» Records to use:
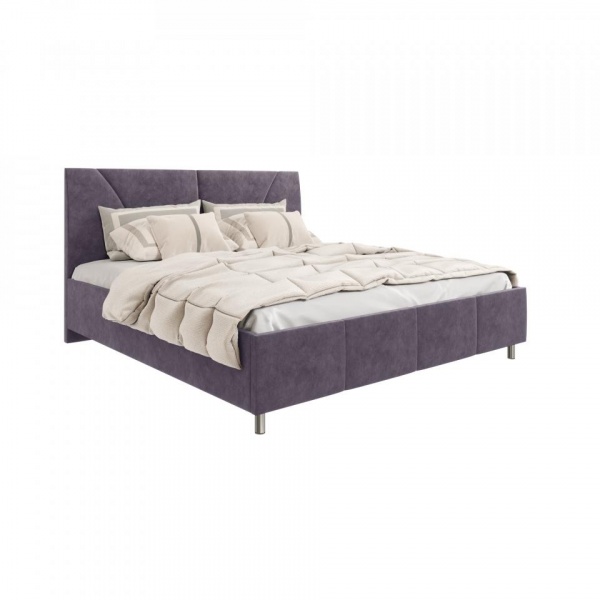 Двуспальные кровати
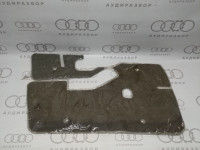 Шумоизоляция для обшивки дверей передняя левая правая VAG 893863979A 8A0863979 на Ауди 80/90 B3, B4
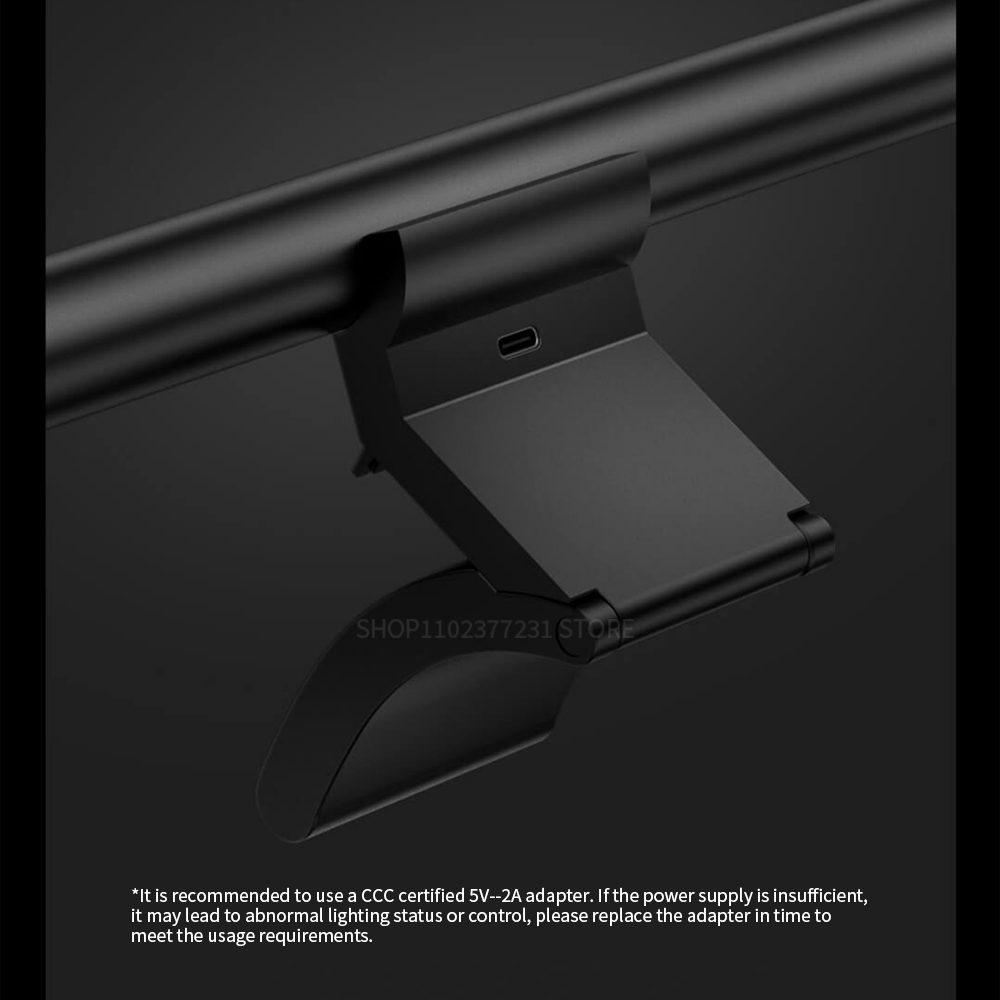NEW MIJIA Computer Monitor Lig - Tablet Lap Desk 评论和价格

---

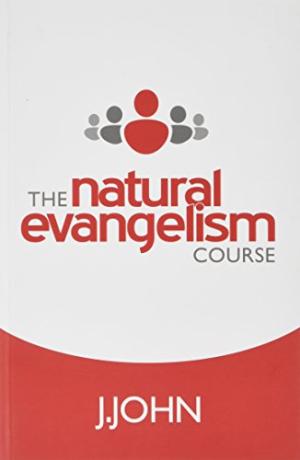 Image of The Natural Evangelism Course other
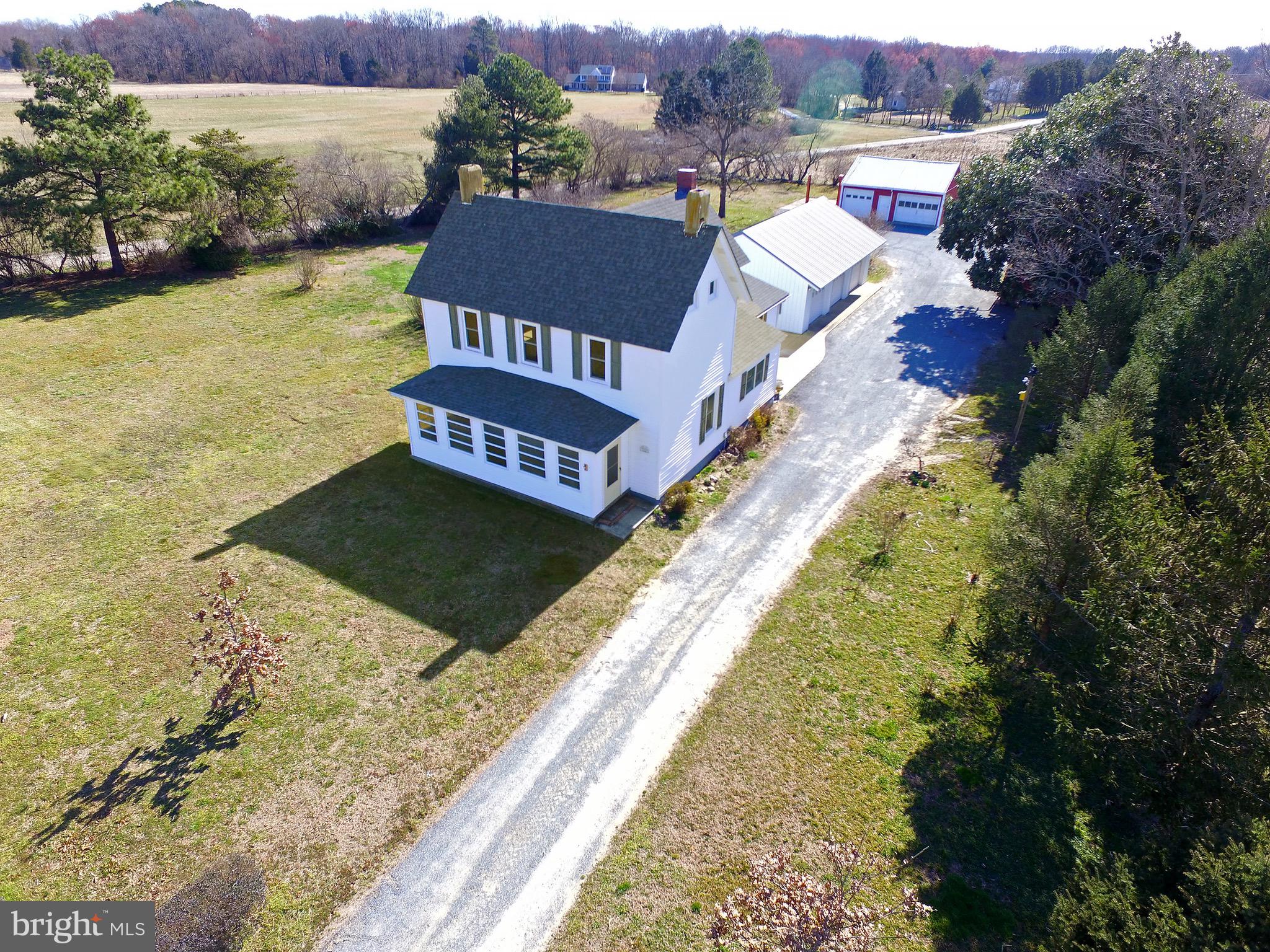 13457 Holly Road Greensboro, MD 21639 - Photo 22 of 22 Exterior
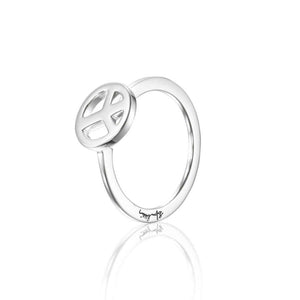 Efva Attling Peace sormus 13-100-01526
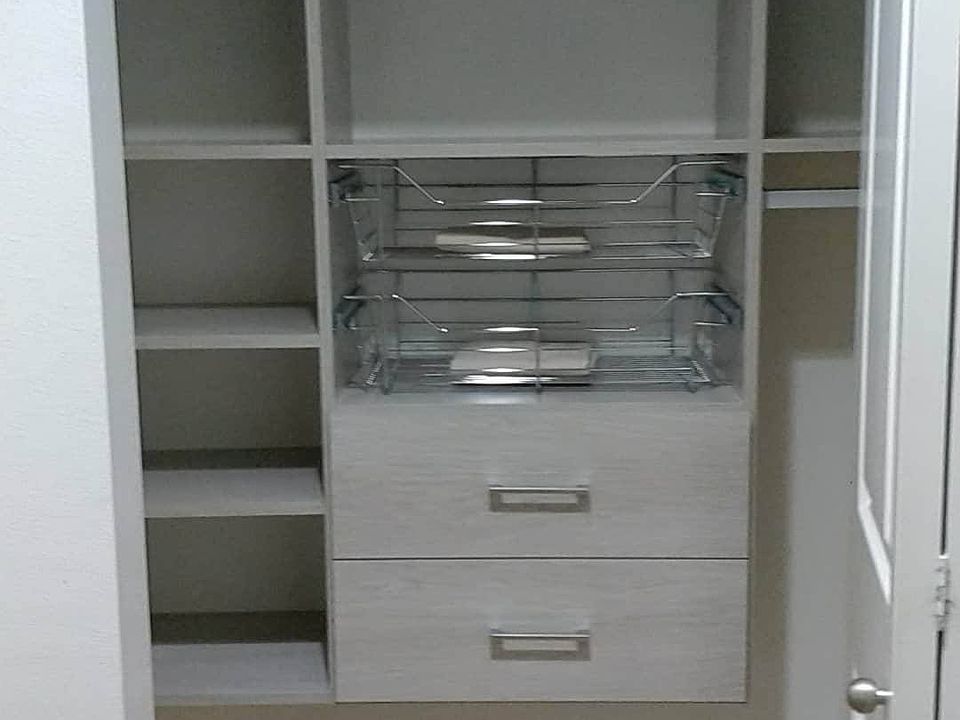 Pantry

---

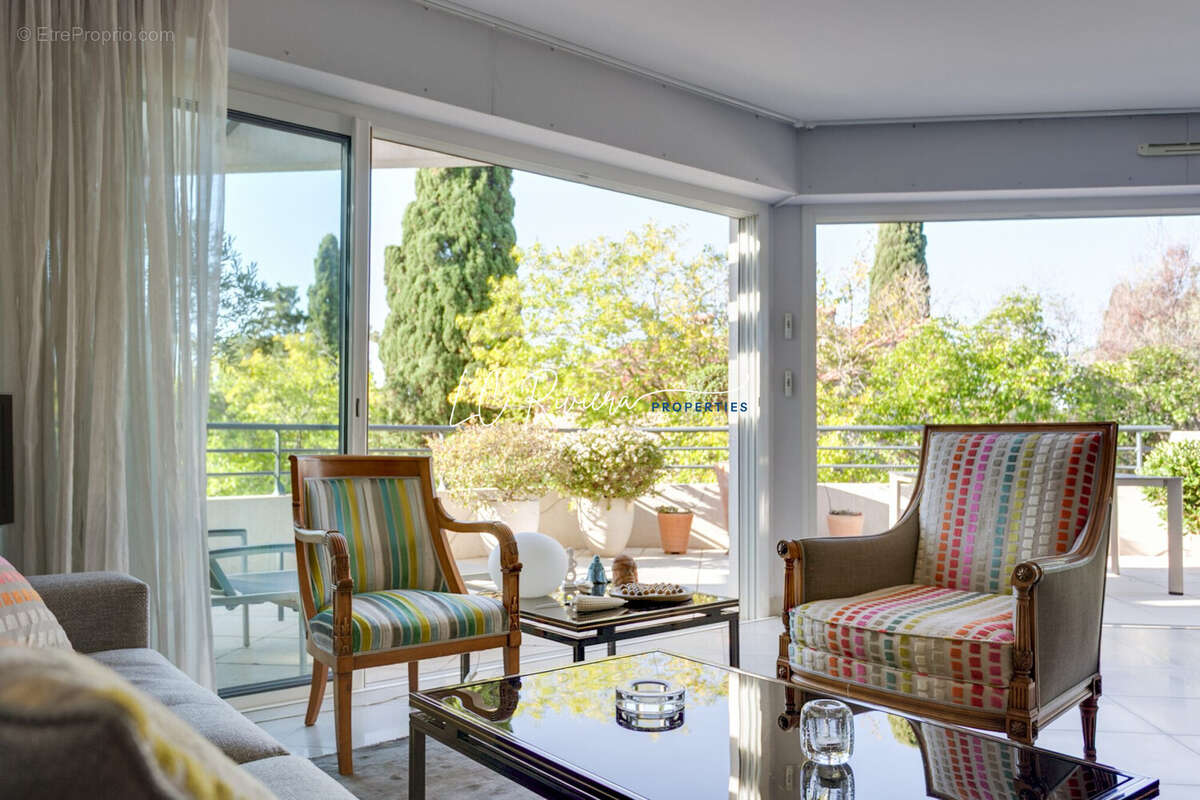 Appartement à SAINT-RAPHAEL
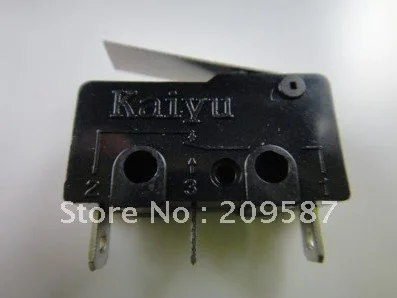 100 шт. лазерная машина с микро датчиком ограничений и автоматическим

» Work to complete: For this exercise, set down the lines in the entries above from the one with "Appartement à SAINT-RAPHAEL" through the one with "100 шт. лазерная" exactly as written, without any pictures.

» Solution for this exercise:
 Appartement à SAINT-RAPHAEL
 100 шт. лазерная машина с микро датчиком ограничений и автоматическим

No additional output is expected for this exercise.